Competence-based algorithms, unlike knowledge-based and data-based algorithms, concurrently solve the exploration difficulty as well as condensing the generated experience into reusable abilities. This makes them especially interesting since the resulting skill-based policies (or talents) can be finetuned to tackle downstream tasks efficiently. While there are numerous self-supervised objectives that can be used, this work belongs to a family of strategies for learning skills that maximize the mutual information between visited states and latent skill vectors.
The team looks at the issues of pre-training agents with competence-based algorithms in this paper. They present Contrastive Intrinsic Control (CIC), an exploration technique that employs a new mutual information objective estimator. CIC combines particle estimation for state entropy with noise contrastive estimation for conditional entropy, allowing it to both produce and differentiate high-dimensional continuous skills (exploration) (exploitation).
CIC is the first exploration technique to distinguish between state transitions and latent skill vectors using contrastive noise estimation. On the Unsupervised Reinforcement Learning Benchmark, the team shows that CIC adapts to downstream tasks more efficiently than previous exploratory algorithms (URLB). CIC outperforms previous competence-based algorithms on downstream tasks by 79 percent and outperforms the next-best exploration method by 18 percent overall.
The RL optimization algorithm and the CIC architecture are the two key components of the practical implementation. The team utilizes the same RL optimization methodology for the method and all baselines in this work for fairness and clarity of comparison. Researchers chose the same DDPG architecture to optimize our method because the baselines implemented in URLB employ a DDPG5 as their backbone.
The team uses the same competency-based method adaptation procedure as in URLB to adapt to downstream tasks. The team fills the DDPG replay buffer with samples during the first 4k environment interactions and leverages the extrinsic rewards acquired during this time to finetune the skill vector z. While finetuning abilities through Cross-Entropy Adaptation (CMA) is typical, the team shows that a basic grid sweep of skills across a DDPG delivers state-of-the-art performance on DeepMind Control and is more reliable than SAC on this benchmark, given the constrained budget of 4k samples (just four episodes).

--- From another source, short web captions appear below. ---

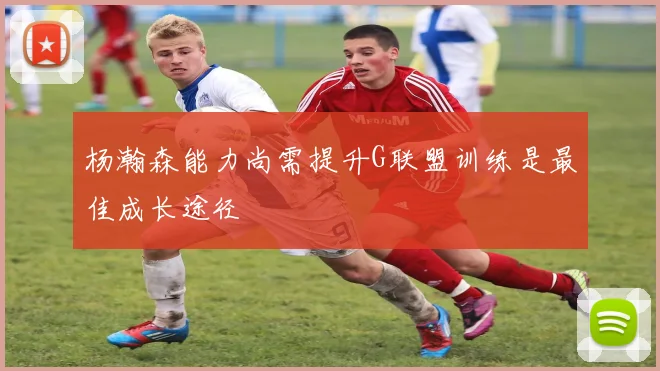 杨瀚森能力尚需提升G联盟训练是最佳成长途径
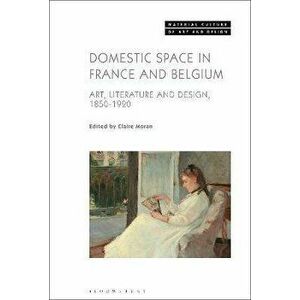 Domestic Space in France and Belgium. Art, Literature and Design, 1850-1920, Hardback - *** imagine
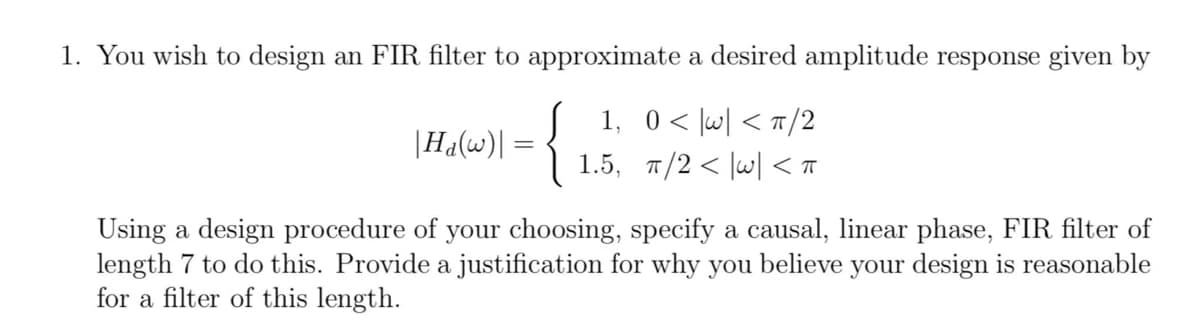 1. You wish to design an FIR filter to approximate a desired amplitude response given by
{
1,0<|w| < ㅠ/2
1.5, 7/2 < |w] < T
|Ha(w)|
Using a design procedure of your choosing, specify a causal, linear phase, FIR filter of
length 7 to do this. Provide a justification for why you believe your design is reasonable
for a filter of this length.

The researchers tested their method on URLB tasks, which include twelve downstream tasks spread among three difficult continuous control domains for exploration algorithms: walker, quadruped, and Jaco arm. To complete locomotion tasks while balancing, a biped must be restricted to a 2D vertical plane. Quadruped is more difficult because of higher-dimensional state-action space, and it requires a quadruped to master locomotion abilities in a 3D environment. The Jaco arm is a six-degree-of-freedom robotic arm with a three-finger gripper for manipulating and moving things without locking. In the absence of an extrinsic reward, all three situations are difficult.

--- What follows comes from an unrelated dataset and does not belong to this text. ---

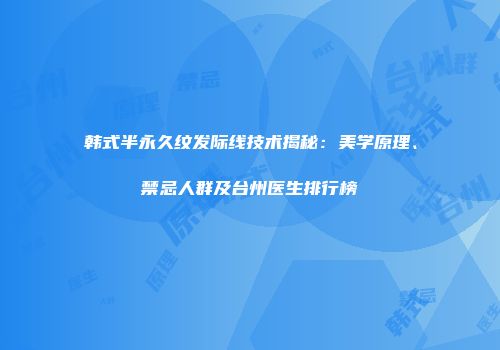 韩式半永久纹发际线技术揭秘：美学原理、禁忌人群及台州医生排行榜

CIC significantly beats past competence-based algorithms (DIAYN, SMM, APS) in expert normalized scores, obtaining a 79 percent higher IQM than the next best competence-based technique (APS) and, more broadly, producing an 18 percent higher IQM than the next best overall baseline (ProtoRL). The team discovers that CIC’s ability to handle far bigger continuous skill spaces than previous competence-based techniques is one of the contributing elements to its performance.
Contrastive Intrinsic Control (CIC), developed by UC Berkeley researchers, is a new competence-based algorithm that allows for more effective exploration than previous unsupervised skill discovery algorithms by explicitly encouraging diverse behavior while distilling predictable behaviors into skills using a contrastive discriminator. They demonstrate that CIC is the first competency-based method to obtain top results on URLB. The researchers believe that this will spur more study towards constructing generalizable RL agents.